В стремлении быть самой красивой и модно одетой Елизавета Петровна нередко проявляла жестокость, не свойственную ей в других случаях. Французский посланник Ж.-Л. Фавье писал, что императрица имела обыкновение зачесывать назад свои роскошные волосы и скреплять прическу розовыми лентами с развевающимися концами и бриллиантами. Фавье отмечает, что этот убор заменял Елизавете царский венец или диадему, и она зорко следила за тем, чтобы никто из придворных дам не смел носить на голове нечто подобное.
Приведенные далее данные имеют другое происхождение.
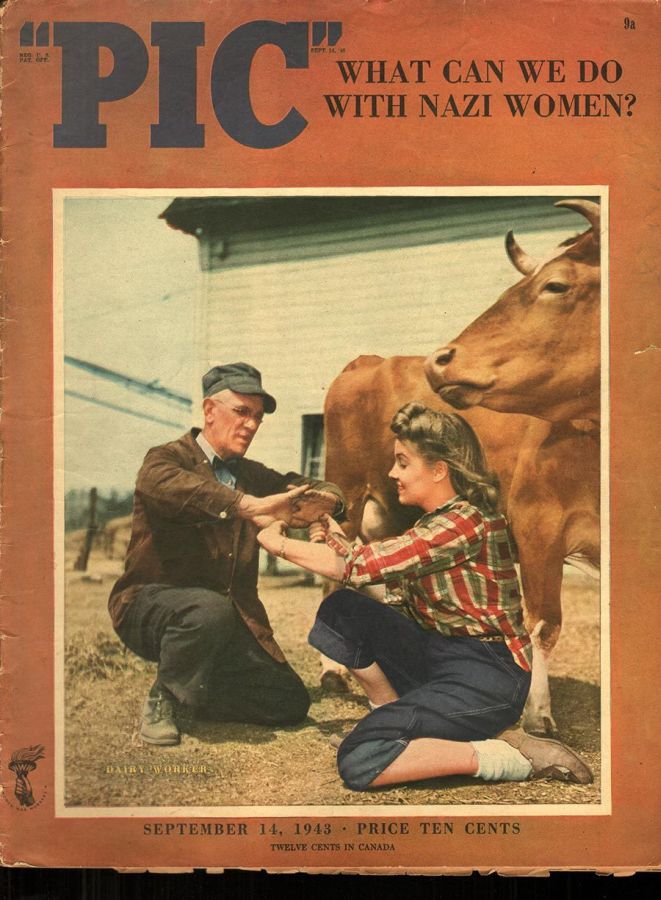 PIC magazine cover 14 September 1943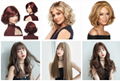 2022 Curly wigs Simulation Human Hair full wave wig good quality for women 8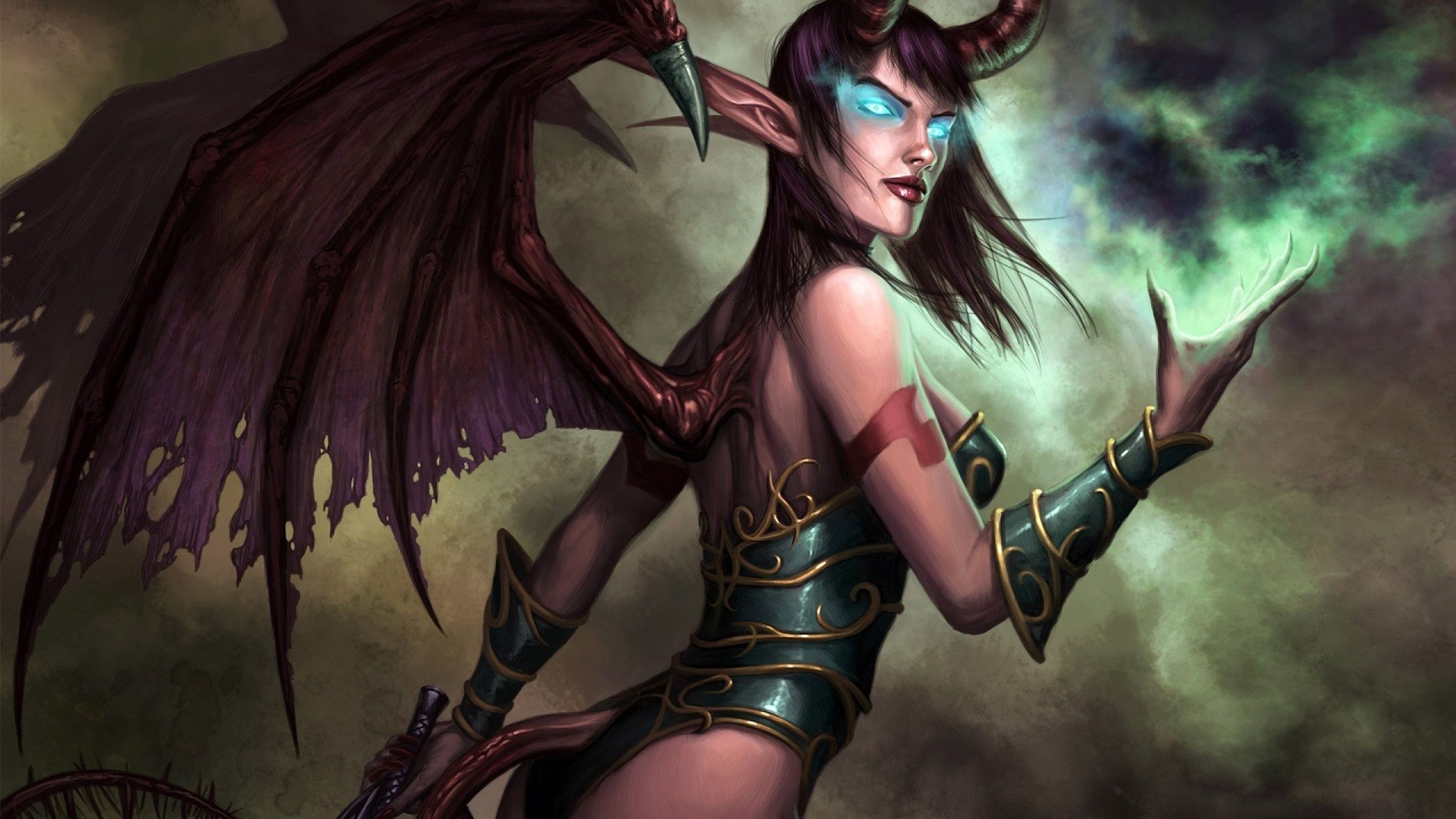 World Of Warcraft Succubus - HD Wallpaper 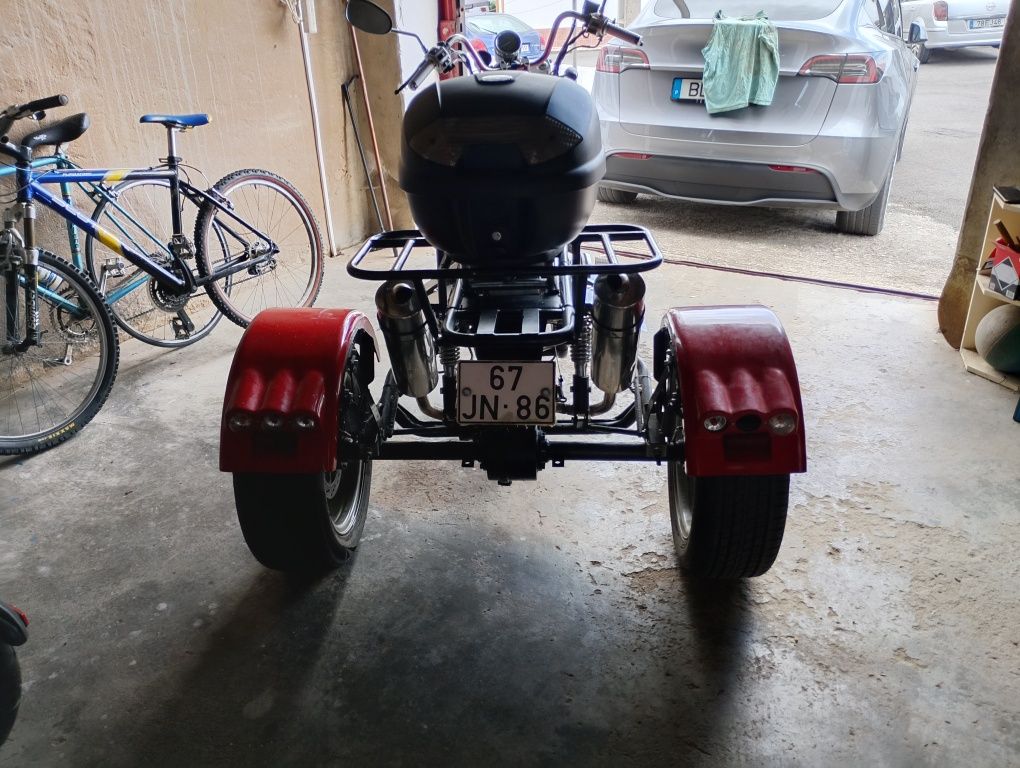 Lifan 250cc Trike Triciclo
Когда ее дальняя родственница, жена обер-гофмейстера Нарышкина явилась при дворе с лентами в волосах, императрица лично выстригла ножницами все украшения из ее прически. В другой раз она так же поступила с графиней Лопухиной, которая посмела прикрепить к своей голове розу — любимый цветок Елизаветы, нередко украшавший волосы императрицы. Елизавета Петровна безжалостно, раня ножницами кожу, стригла волосы своих фрейлин, если их прически казались ей слишком красивыми и изящными. Блистать на придворных балах и изумлять всех новыми модными туалетами и замысловатыми украшениями могла только она, императрица Елизавета. Когда с ней случилась неожиданная неприятность (после одного из балов придворный куафер не смог разобрать чрезмерно пересыпанную пудрой и слипшуюся от парикмахерских снадобий прическу Елизаветы), она постриглась наголо сама и заставила постричься всех своих фрейлин. Пока волосы императрицы вновь не отросли, всем дамам при дворе было приказано носить парики.